• What is required:
Return exactly, with nothing added, the lines from the one that contains "Aparador de Madeira" through the end of the listing below, pictures excluded.

• Records for processing:
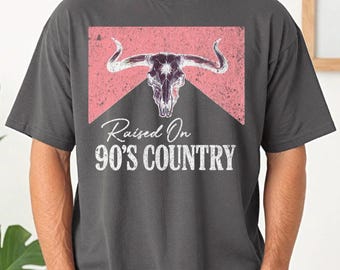 Comfort Colors Distressed vintage style raised on 90s country tshirt, oversized country concert shirt, nashville girls trip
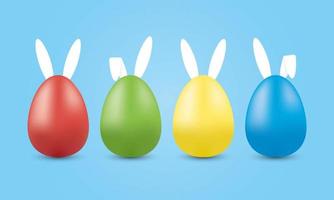 Set of colorful Easter eggs with rabbit ears on a blue background vector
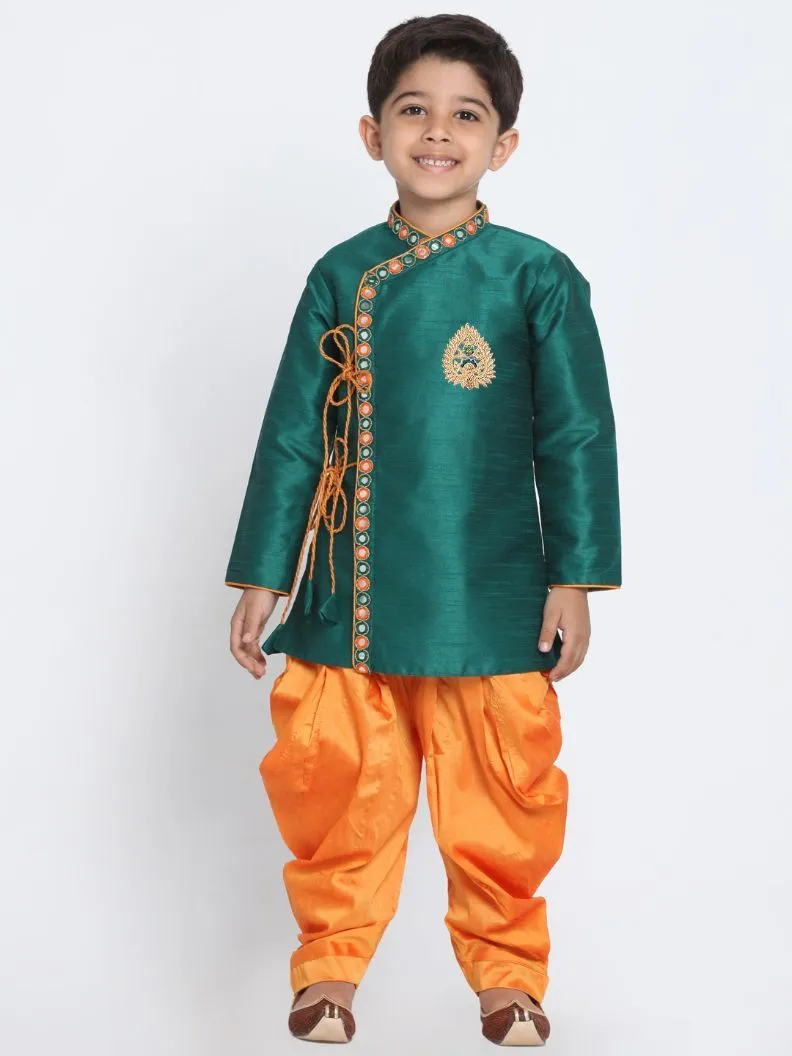 Vastramay Boy's Green Cotton Silk Blend Kurta and Dhoti Set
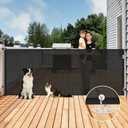 48" Extra Tall Retractable Baby Gates 150" Extra Wide Retractable Dog Gate - No Jumping Over, Indoor Retractable Pet Gate Extra Tall Dog Gate for The House, Outdoor Long Baby Gate Tall Cat Gate, Black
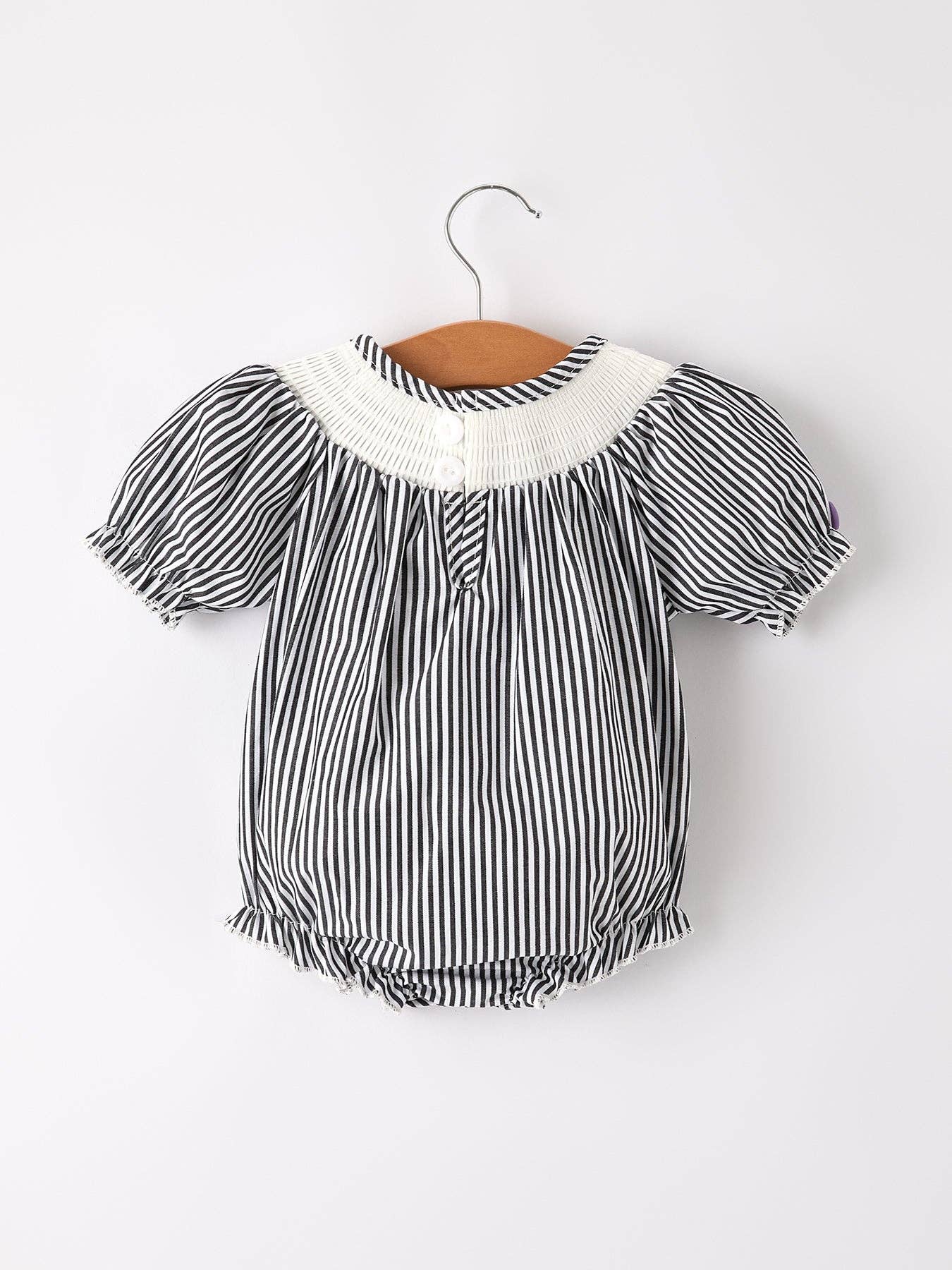 Halloween Striped "Trick Or Treat" Smock Embroidered Baby Girl Romper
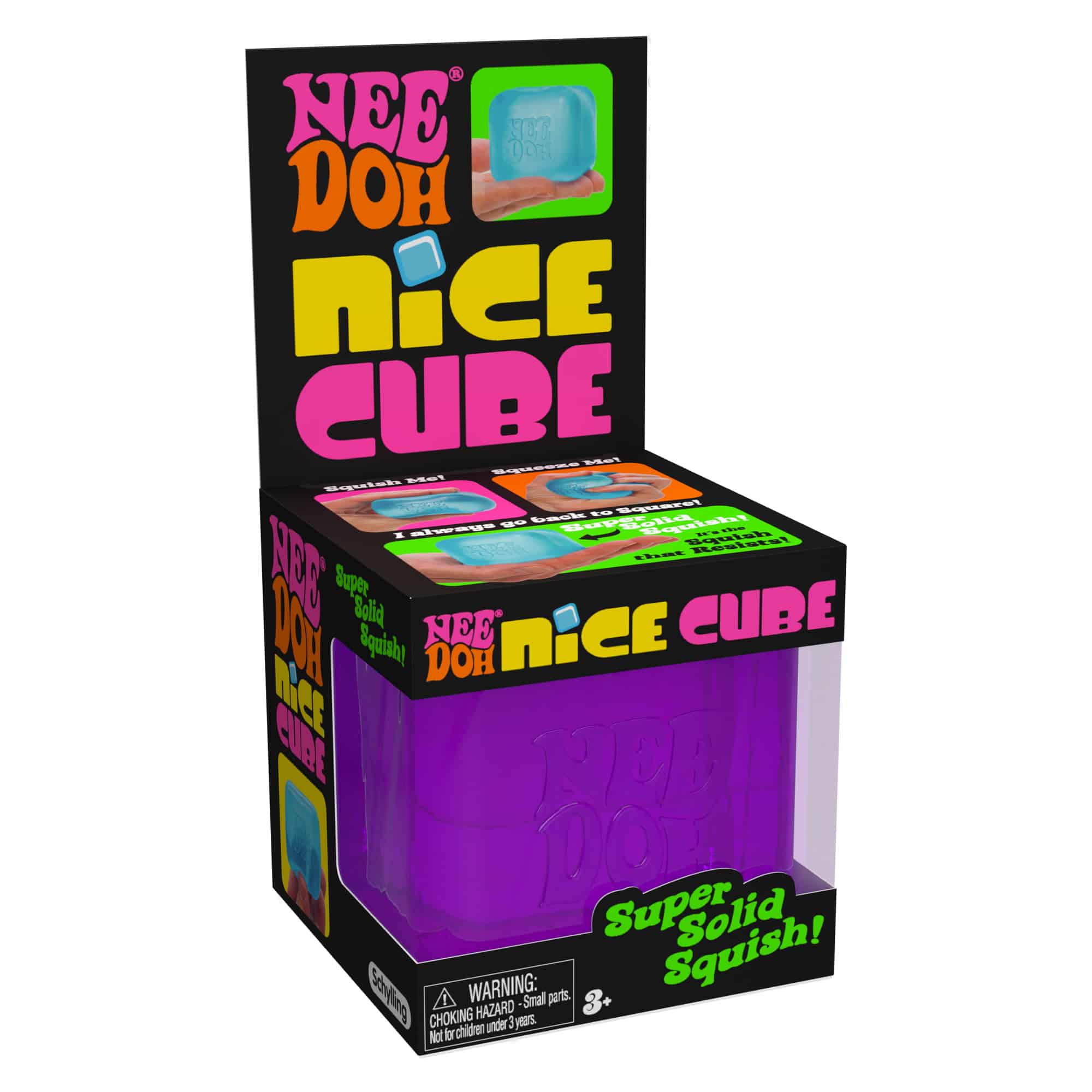 Crystal Clear NeeDoh Nice Cube | Series Elm Bridge - 3-Piece Assorted Nice Cubes Pack for Fidgeting Detail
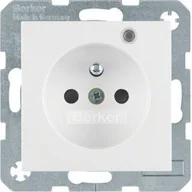 Gniazdka elektryczne - Hager Polo sp. z o.o. S.1/B.3/B.7 Glas Gniazdo pojedyncze z/u i LED kontrolną z ochroną styków śnieżnobiały połysk 6765098989 - miniaturka - grafika 1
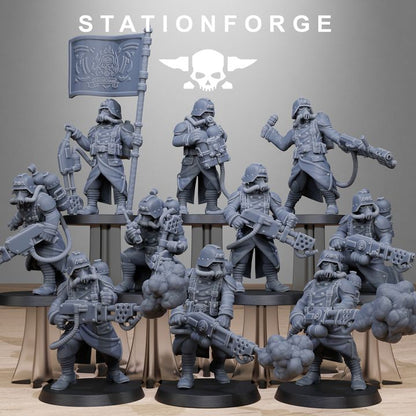 Grim Guard Flamers, Imperial Army proxy miniature, infantry, 28mm heroic scale unpainted resin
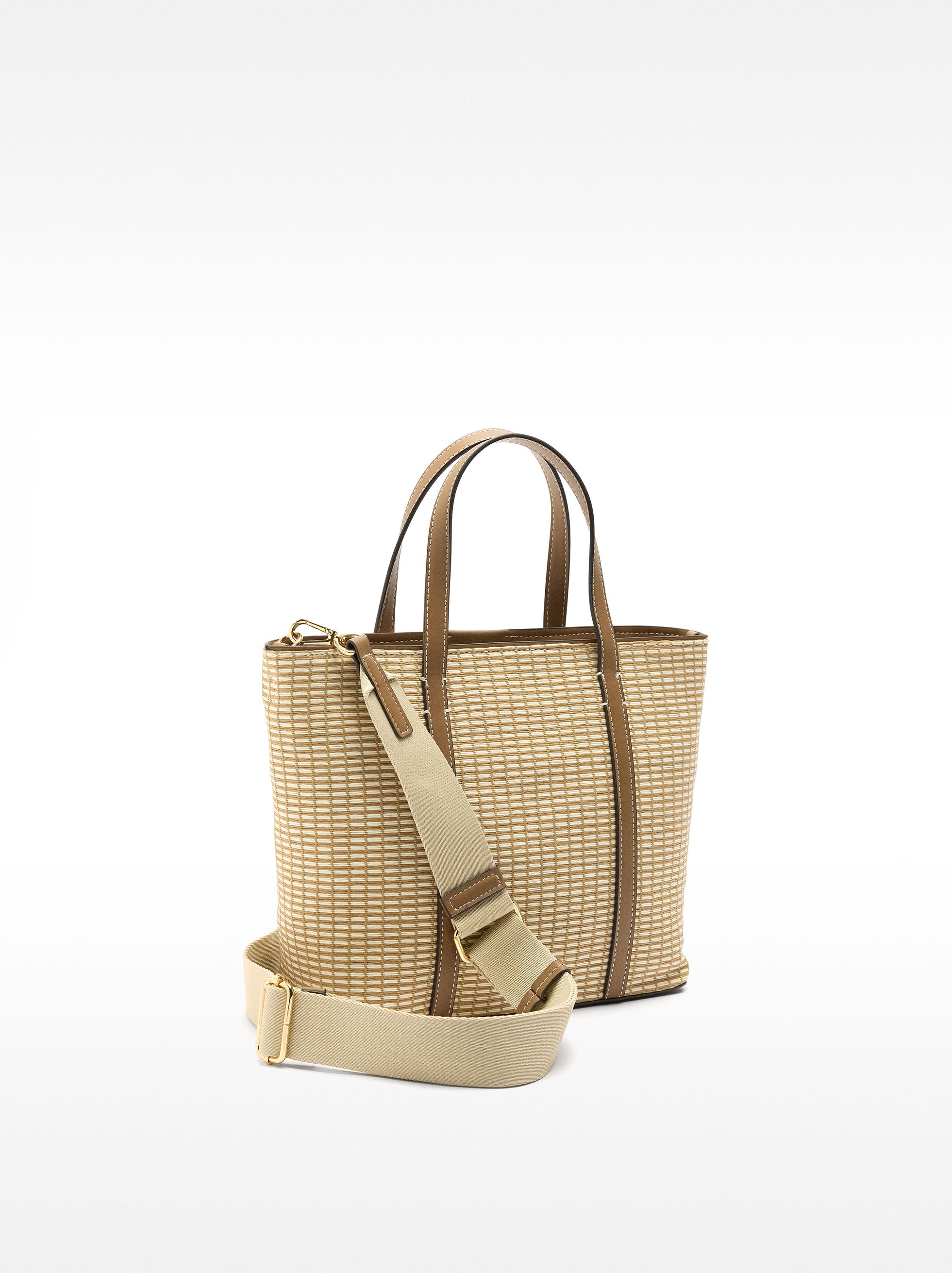 Cartera Tote Efecto Rafia A Rayas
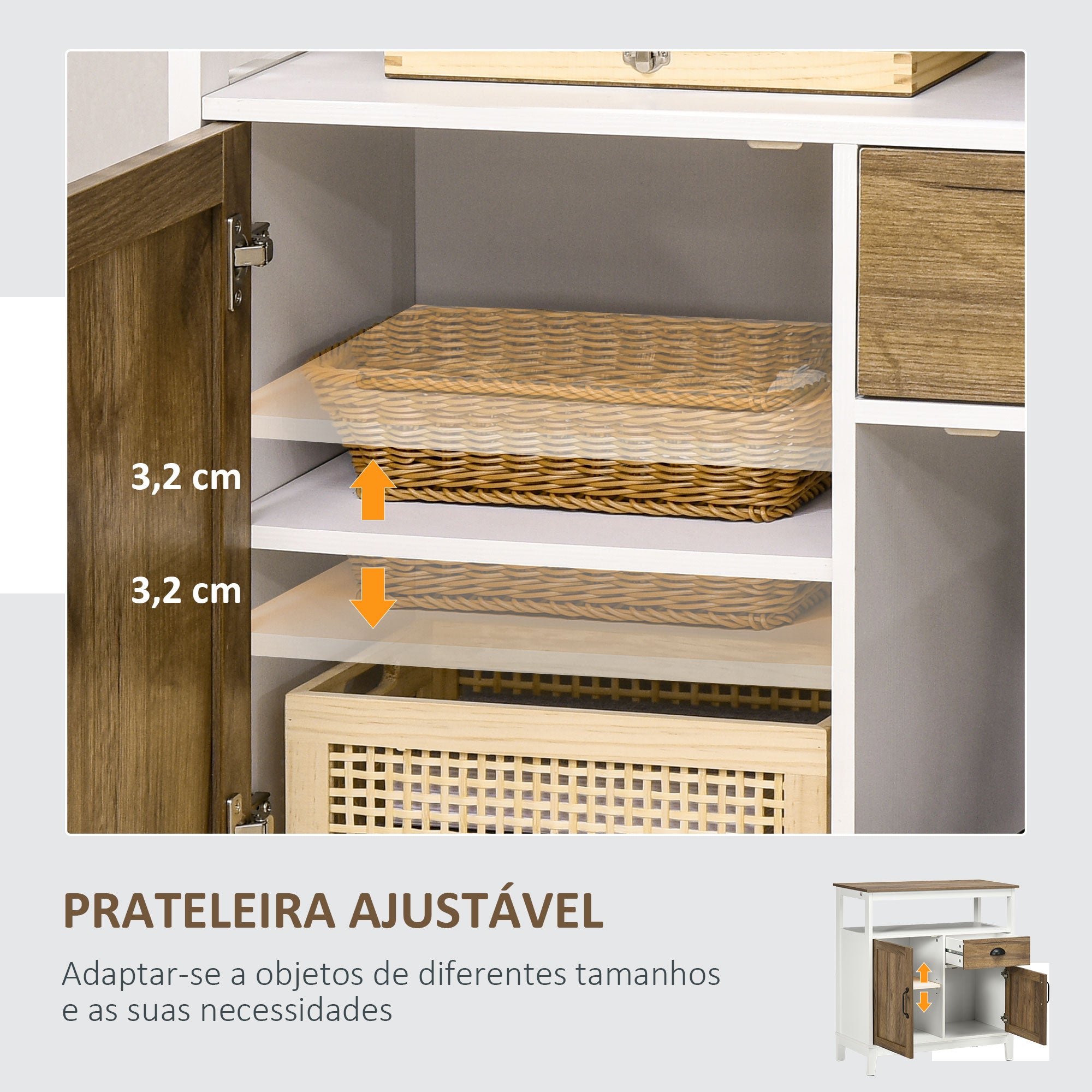 Aparador de Madeira Envelhecida e Branco 76,6x35x81,5 cm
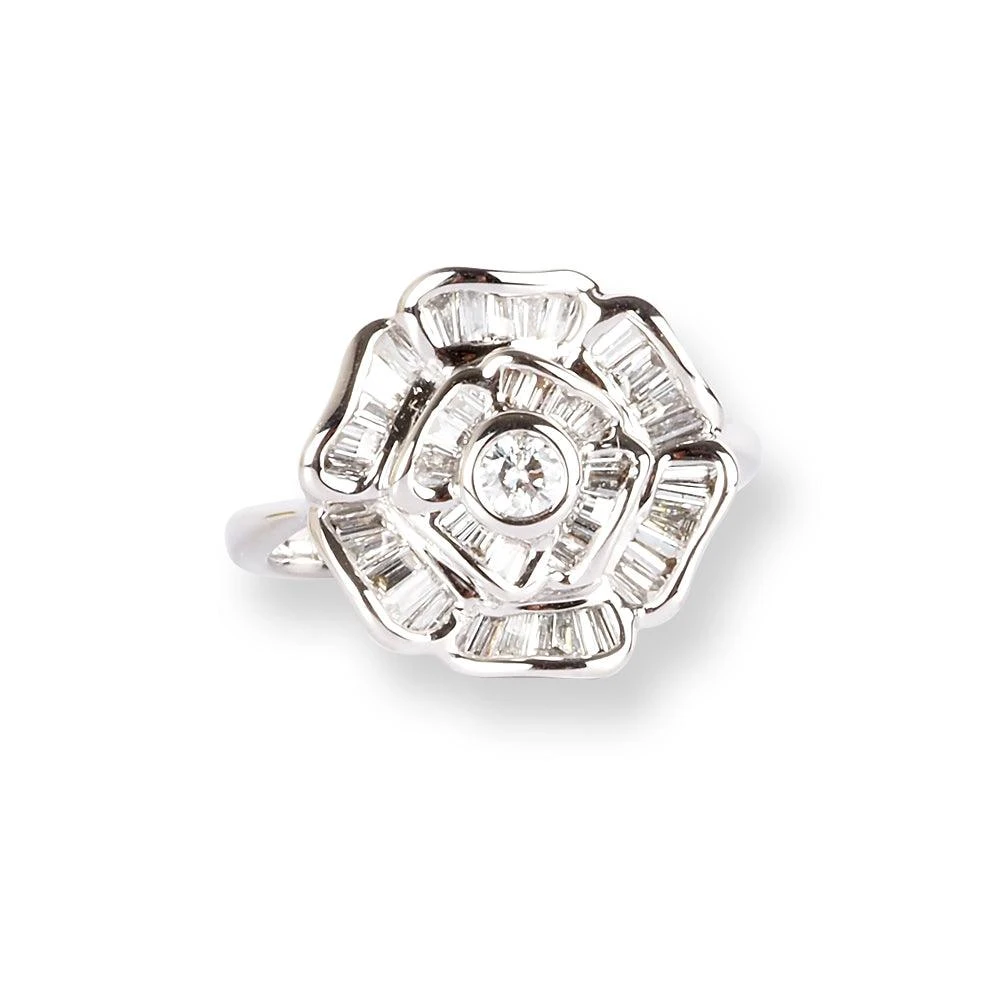 18ct White Gold Diamonds Ring With Flower Design LR-6663 5 18ct White Gold Diamonds Ring With Flower Design LR-6663 - Image 5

• Answer for the task:
 Aparador de Madeira Envelhecida e Branco 76,6x35x81,5 cm
 18ct White Gold Diamonds Ring With Flower Design LR-6663 5 18ct White Gold Diamonds Ring With Flower Design LR-6663 - Image 5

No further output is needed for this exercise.